*Task data*.
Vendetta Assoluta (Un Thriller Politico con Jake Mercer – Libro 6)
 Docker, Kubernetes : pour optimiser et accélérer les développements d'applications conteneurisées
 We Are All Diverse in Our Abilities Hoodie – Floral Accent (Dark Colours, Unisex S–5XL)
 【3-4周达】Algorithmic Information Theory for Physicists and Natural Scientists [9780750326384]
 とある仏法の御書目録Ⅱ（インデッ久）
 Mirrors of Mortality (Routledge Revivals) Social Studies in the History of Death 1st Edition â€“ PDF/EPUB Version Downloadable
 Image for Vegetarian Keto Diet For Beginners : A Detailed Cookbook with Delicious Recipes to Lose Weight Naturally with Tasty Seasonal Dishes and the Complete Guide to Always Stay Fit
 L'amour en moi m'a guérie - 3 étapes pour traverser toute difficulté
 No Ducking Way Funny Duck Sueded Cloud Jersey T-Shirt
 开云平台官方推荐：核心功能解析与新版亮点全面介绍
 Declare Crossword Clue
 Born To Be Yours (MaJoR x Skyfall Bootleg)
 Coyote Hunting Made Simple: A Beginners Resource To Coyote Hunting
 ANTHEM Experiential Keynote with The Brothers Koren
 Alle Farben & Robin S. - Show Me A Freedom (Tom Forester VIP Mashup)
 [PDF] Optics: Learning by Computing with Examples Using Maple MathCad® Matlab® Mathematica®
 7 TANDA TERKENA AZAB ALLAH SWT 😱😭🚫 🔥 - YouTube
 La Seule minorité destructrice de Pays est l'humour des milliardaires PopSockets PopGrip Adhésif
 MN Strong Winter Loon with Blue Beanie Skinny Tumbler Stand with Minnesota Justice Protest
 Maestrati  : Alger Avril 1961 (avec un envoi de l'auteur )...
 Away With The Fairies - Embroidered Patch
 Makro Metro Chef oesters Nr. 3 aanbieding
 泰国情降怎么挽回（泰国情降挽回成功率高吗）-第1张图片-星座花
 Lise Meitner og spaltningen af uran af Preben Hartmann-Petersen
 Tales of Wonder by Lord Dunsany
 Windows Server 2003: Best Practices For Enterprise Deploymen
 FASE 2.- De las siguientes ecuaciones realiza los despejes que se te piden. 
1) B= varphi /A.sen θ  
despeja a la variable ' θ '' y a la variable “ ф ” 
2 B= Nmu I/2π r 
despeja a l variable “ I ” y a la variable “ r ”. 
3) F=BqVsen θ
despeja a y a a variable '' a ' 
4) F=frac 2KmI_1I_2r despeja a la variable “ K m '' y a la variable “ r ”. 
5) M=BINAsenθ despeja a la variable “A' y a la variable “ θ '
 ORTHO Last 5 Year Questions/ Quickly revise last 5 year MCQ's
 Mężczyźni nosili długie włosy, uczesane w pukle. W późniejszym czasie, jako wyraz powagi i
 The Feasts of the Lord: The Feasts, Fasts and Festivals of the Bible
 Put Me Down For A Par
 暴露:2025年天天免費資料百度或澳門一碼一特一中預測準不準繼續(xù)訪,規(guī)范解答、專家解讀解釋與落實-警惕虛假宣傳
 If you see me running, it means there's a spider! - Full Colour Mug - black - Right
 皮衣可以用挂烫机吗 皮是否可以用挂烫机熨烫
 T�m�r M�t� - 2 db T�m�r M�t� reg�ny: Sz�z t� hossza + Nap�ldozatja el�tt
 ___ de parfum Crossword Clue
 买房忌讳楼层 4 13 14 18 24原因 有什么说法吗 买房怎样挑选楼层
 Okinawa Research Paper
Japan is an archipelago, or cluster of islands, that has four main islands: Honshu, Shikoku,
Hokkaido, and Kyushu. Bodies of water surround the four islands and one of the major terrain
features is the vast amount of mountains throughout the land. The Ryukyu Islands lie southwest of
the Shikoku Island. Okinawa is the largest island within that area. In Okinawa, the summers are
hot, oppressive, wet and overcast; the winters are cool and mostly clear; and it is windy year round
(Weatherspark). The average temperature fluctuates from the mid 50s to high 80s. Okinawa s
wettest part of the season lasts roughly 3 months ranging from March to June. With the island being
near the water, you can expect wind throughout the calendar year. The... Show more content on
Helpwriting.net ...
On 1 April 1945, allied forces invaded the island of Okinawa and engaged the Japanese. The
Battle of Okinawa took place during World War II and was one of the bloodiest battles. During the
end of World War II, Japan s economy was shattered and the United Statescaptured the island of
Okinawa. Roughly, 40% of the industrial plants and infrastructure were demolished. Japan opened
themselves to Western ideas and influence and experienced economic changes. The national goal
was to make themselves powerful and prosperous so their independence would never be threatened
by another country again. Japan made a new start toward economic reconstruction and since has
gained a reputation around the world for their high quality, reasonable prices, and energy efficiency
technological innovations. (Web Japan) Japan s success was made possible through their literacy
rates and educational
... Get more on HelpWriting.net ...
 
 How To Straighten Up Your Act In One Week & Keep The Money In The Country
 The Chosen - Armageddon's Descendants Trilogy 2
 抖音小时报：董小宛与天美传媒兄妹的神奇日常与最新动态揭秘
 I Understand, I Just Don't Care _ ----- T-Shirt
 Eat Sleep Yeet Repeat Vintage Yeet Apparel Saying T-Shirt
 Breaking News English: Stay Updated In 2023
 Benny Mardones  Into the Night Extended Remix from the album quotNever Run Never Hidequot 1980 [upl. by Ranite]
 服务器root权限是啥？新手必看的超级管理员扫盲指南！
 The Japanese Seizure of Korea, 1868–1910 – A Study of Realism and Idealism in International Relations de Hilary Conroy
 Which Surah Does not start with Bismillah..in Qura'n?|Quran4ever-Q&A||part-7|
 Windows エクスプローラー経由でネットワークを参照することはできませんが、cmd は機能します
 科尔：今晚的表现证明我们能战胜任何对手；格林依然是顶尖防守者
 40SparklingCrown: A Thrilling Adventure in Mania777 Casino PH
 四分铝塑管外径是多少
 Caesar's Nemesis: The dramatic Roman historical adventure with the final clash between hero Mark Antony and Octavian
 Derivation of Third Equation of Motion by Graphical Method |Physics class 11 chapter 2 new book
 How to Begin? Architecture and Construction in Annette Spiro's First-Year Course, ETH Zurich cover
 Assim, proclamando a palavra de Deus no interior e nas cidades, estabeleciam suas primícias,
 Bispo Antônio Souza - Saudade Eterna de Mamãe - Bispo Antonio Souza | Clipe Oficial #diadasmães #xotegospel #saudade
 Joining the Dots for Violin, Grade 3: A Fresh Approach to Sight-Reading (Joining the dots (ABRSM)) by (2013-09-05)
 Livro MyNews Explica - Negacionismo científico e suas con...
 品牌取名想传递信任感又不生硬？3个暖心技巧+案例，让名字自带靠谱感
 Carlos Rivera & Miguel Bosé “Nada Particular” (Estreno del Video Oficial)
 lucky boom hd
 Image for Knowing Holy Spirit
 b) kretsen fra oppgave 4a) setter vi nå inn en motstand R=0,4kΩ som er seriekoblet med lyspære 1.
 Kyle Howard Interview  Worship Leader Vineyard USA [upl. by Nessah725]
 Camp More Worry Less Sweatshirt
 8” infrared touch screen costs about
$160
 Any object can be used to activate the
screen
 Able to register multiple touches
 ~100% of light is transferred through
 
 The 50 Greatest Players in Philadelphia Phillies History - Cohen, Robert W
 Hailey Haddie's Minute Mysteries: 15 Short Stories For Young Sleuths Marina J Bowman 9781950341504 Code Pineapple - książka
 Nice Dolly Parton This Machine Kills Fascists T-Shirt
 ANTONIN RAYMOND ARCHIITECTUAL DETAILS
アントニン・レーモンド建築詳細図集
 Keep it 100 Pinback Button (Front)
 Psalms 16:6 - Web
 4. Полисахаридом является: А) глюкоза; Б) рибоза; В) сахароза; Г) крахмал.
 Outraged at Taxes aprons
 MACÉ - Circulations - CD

*Exercise directions*.
Copy each line of the material where "Oficial" is found.

*Response to the task*.
 Bispo Antônio Souza - Saudade Eterna de Mamãe - Bispo Antonio Souza | Clipe Oficial #diadasmães #xotegospel #saudade
 Carlos Rivera & Miguel Bosé “Nada Particular” (Estreno del Video Oficial)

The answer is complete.